OUTLINE
- Installation
- Example Job
- Data Loading using Multiple CPU-cores
- GPU Utilization
- Distributed Training or Using Multiple GPUs
- Building from Source
- Containers
- Working Interactively with Jupyter on TigerGPU
- NVIDIA Apex
- PyTorch Geometric
- TensorBoard
- Profiling and Performance Tuning
- Reproducibility
- Using PyCharm on TigerGPU
- More Examples
- How to Learn PyTorch
- Where to Store Files
- Getting Help
Installation
PyTorch is a popular deep learning library for training artificial neural networks. The installation procedure depends on the cluster. If you are new to installing Python packages then see our Python page before continuing. Before installing make sure you have approximately 3 GB of free space in /home/<YourNetID> by running the checkquota command.
TigerGPU or Adroit (GPU)
$ module load anaconda3/2020.11 $ conda create --name torch-env pytorch torchvision torchaudio cudatoolkit=10.2 --channel pytorch $ conda activate torch-env
Or maybe you want a few additional packages like matplotlib and tensorboard:
$ module load anaconda3/2020.11 $ conda create --name torch-env pytorch torchvision torchaudio cudatoolkit=10.2 matplotlib tensorboard --channel pytorch $ conda activate torch-env
Be sure to include conda activate torch-env in your Slurm script.
Traverse
LATEST RELEASE
$ module load anaconda3/2020.11 $ CHNL="https://public.dhe.ibm.com/ibmdl/export/pub/software/server/ibm-ai/conda" $ conda create --name torch-env --channel ${CHNL} pytorch torchvision $ conda activate torch-env # accept the license agreement if asked
Be sure to include conda activate torch-env and #SBATCH --gpus-per-node=1 in your Slurm script.
EARLY ACCESS VERSION
If you would benefit from a newer version of PyTorch in pre-release form then use the early access channel instead: https://public.dhe.ibm.com/ibmdl/export/pub/software/server/ibm-ai/conda-early-access
TigerCPU, Della, Perseus or Adroit (CPU)
$ module load anaconda3/2020.11 $ conda create --name torch-env pytorch torchvision torchaudio cpuonly --channel pytorch $ conda activate torch-env
Be sure to include conda activate torch-env in your Slurm script.

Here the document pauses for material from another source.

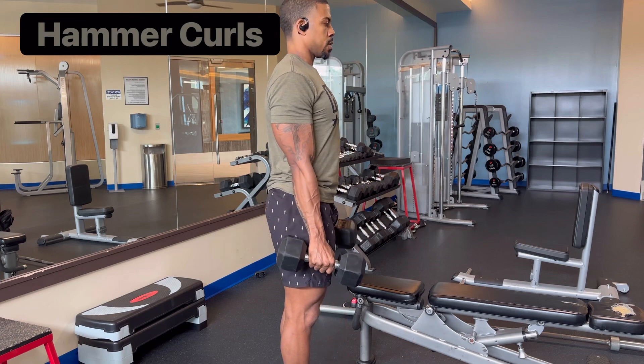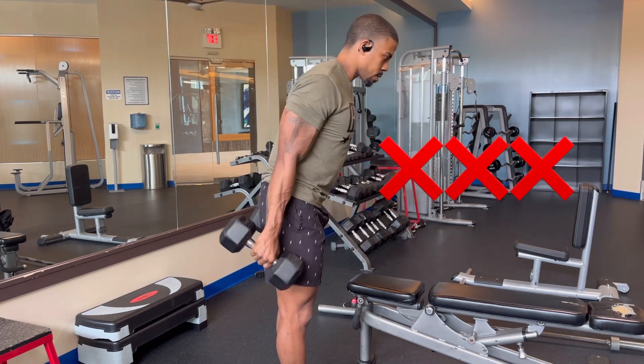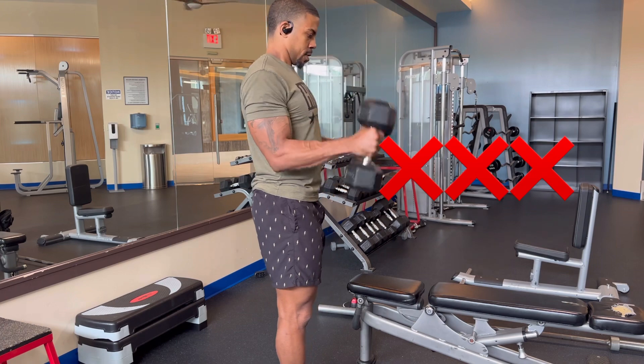Think about keeping your elbows tight to the body and slightly in front of your body to put more emphasis on the biceps. No momentum — keeping your core engaged, use your arm.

In addition to Anaconda, Intel offers a version of PyTorch that has been optimized for Intel hardware as part of their AI Analytics Toolkit.
Example Job
The example below shows how to run a simple PyTorch script on one of the clusters. We will train a simple CNN on the MNIST data set. Begin by connecting to a head node on one of the clusters. Then clone the repo:
# ssh to a cluster $ cd /scratch/gpfs/<YourNetID> # or /scratch/network/<YourNetID> on Adroit $ git clone https://github.com/PrincetonUniversity/install_pytorch.git $ cd install_pytorch
This will create a folder called install_pytorch which contains the files needed to run this example. The compute nodes do not have internet access so we must obtain the data while on the head node:
$ python download_mnist.py
Inspect the PyTorch script called mnist_classify.py. Use a text editor like vim or emacs to enter your email address in job.slurm or delete the four lines concerned with email. Submit the job to the batch scheduler:
$ sbatch job.slurm
The Slurm script used for the job is below:
#!/bin/bash #SBATCH --job-name=torch-test # create a short name for your job #SBATCH --nodes=1 # node count #SBATCH --ntasks=1 # total number of tasks across all nodes #SBATCH --cpus-per-task=1 # cpu-cores per task (>1 if multi-threaded tasks) #SBATCH --mem=4G # total memory per node (4 GB per cpu-core is default) #SBATCH --gres=gpu:1 # number of gpus per node #SBATCH --time=00:05:00 # total run time limit (HH:MM:SS) #SBATCH --mail-type=begin # send mail when job begins #SBATCH --mail-type=end # send mail when job ends #SBATCH --mail-type=fail # send mail if job fails #SBATCH --mail-user=<YourNetID>@princeton.edu module purge module load anaconda3/2020.11 conda activate torch-env python mnist_classify.py --epochs=3
You can monitor the status of the job with squeue -u $USER. Once the job runs, you'll have a slurm-xxxxx.out file in the install_pytorch directory. This log file contains both PyTorch and Slurm output.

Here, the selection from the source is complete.